Tuesday, January 20, 2009
I, too, sing America
"She promised all the sweetest giftsPresident Barack Obama.
That only the heavens could bestow
You bring your light and shine like morning
And as you so gracefully give
Her light as long as you live
I'll always remember this moment..."
— Sade, The Sweetest Gift
Amazing grace, how sweet that sound.
The day universally acknowledged by us brown folk as the one we never thought we'd live to see, the one my mother told me was a pipe dream a mere two summers ago, the one which served as a pilgrimage to our nation's capital whether you were from Brooklyn or Birmingham, the one that compelled me to brave the frigid cold and daunting crowds to be an eyewitness to history.

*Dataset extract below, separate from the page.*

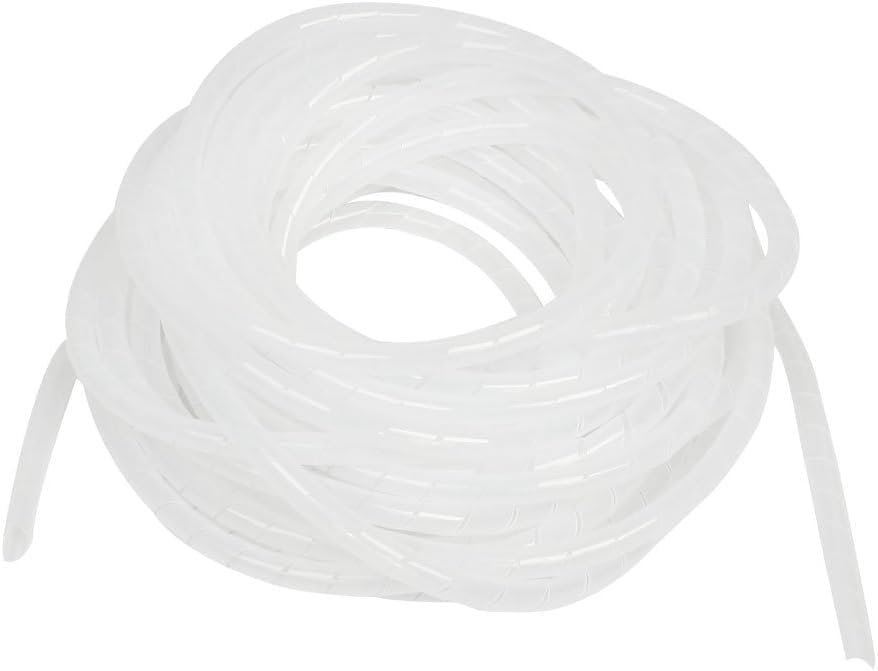 Iduino 10M 32 Ft Pe Clear White Polyethylene Spiral Wire Wrap Tube Pc Manage Cable 10Mm 0.39 For Computer Cable, Car Cable (Di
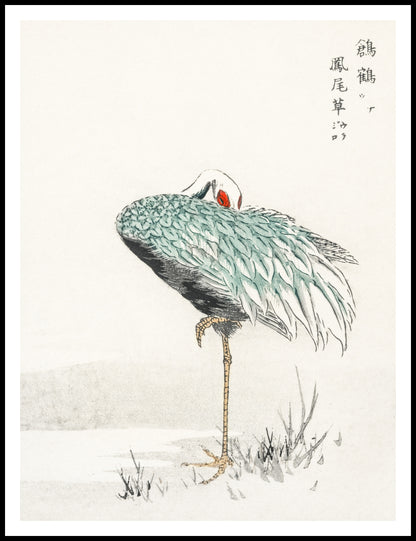 Plakat  White-naped Crane, Kashu Vintage do Salonu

I was born twenty-nine years ago today. My first born day ushered in the era of greed, irresponsibility and neglect to our working class which I pray has come to an overdue end with the changing of the guard.
My parents emigrated to the United States from the West Indies during the 60's in search of a better life. My father inspired by his countryman Stokely Carmichael and the civil rights movement stressed the importance of political activism. I remember coloring homemade signs and counting out buttons as a hyperactive eight-year old in a cramped church basement, nagging him as why he was working so hard to elect Jesse Jackson during the chilly winter months of 1988. As a child, I couldn't fully grasp what the big deal about a Black president was. After all, I learned about Eric Williams and Michael Manley alongside Abraham Lincoln and John Adams from early on. He had lived through prime ministers and heads of state who looked just like him before becoming a freshwater Yankee. So, what difference did it make?

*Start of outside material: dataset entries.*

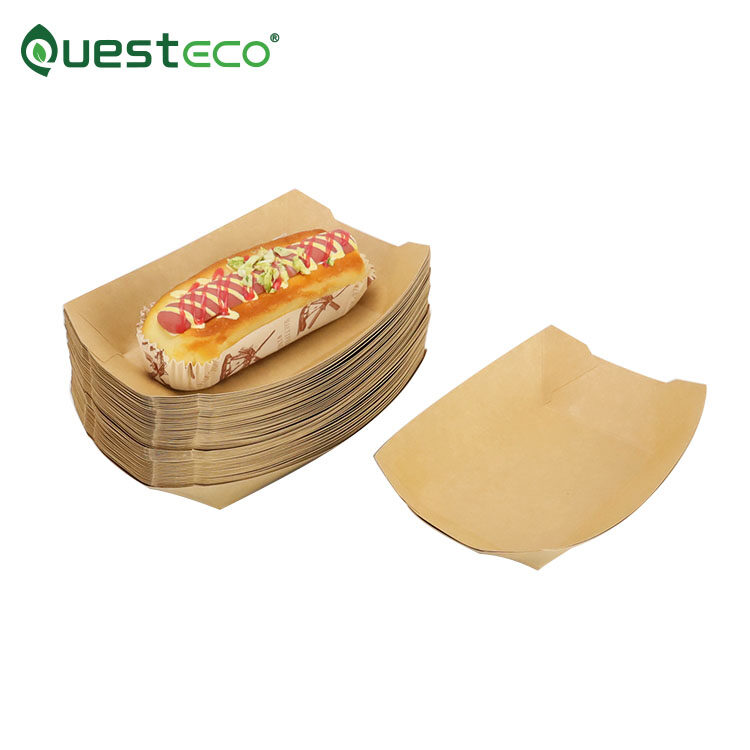 Disposable Boat Tray White Paper Food Boat Trays Hot Dog Japanese Sushi Tray Boat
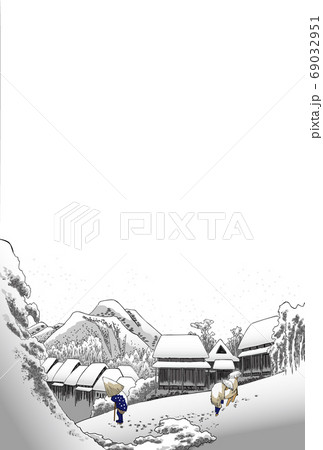 年賀状　歌川広重　夜之雪　縦下　白バック 69032951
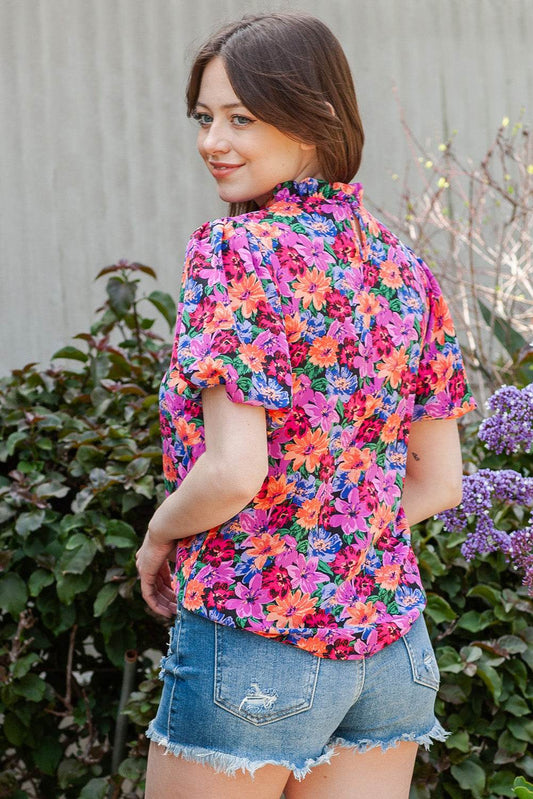 Floral Print Puff Sleeve Round Neck Blouse Trendsi d5ca32c7390c490faacbdf76cc8bef0d-Max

He tilted my chin upwards to his serious eyes and said, "Because our hearts and minds need to match our Constitution if all people really are created equal. We're not there yet."
In my experiences traveling abroad, I've always been struck by how nationalism by people of color in other countries differed so much from what I came to live and learn here at home. Even if their skin was darker than mine, their pride of country was never a question. If you're from the Dominican Republic, you name it. If you're from Trinidad, you claim it. But in America, it boiled down to "I'm Black." Period. It was the only place where regardless if you were born and raised here, somehow we were made to feel apart from our own country. Look no further than in the aftermath of Hurricane Katrina when our own citizens were labeled "refugees" repeatedly by the mainstream media for days on end. Carrying on the complicated but necessary exercise of critical patriotism, to hold a mirror to America's conscience, forcing the nation to live up to the guiding principles enshrined in the Declaration of Independence can leave one feeling like a stranger in a native land.
But as I watched the son of an African economist and an anthropologist from Kansas raise his hand and repeat "I, Barack Hussein Obama, do solemnly swear...," the tears flooded my eyes as a cleansing release. The anger and xenophobia whipped up in the witching hours of the general election became dead weight. The romanticized immigrant story of Ellis Island became threaded into the story of my mother and father. The stars and stripes became a symbol of not what was perpetually wrong, but what could be made right.
And it felt like that the hope of a cocoa colored girl with a funny last name can finally believe America has a place for her too.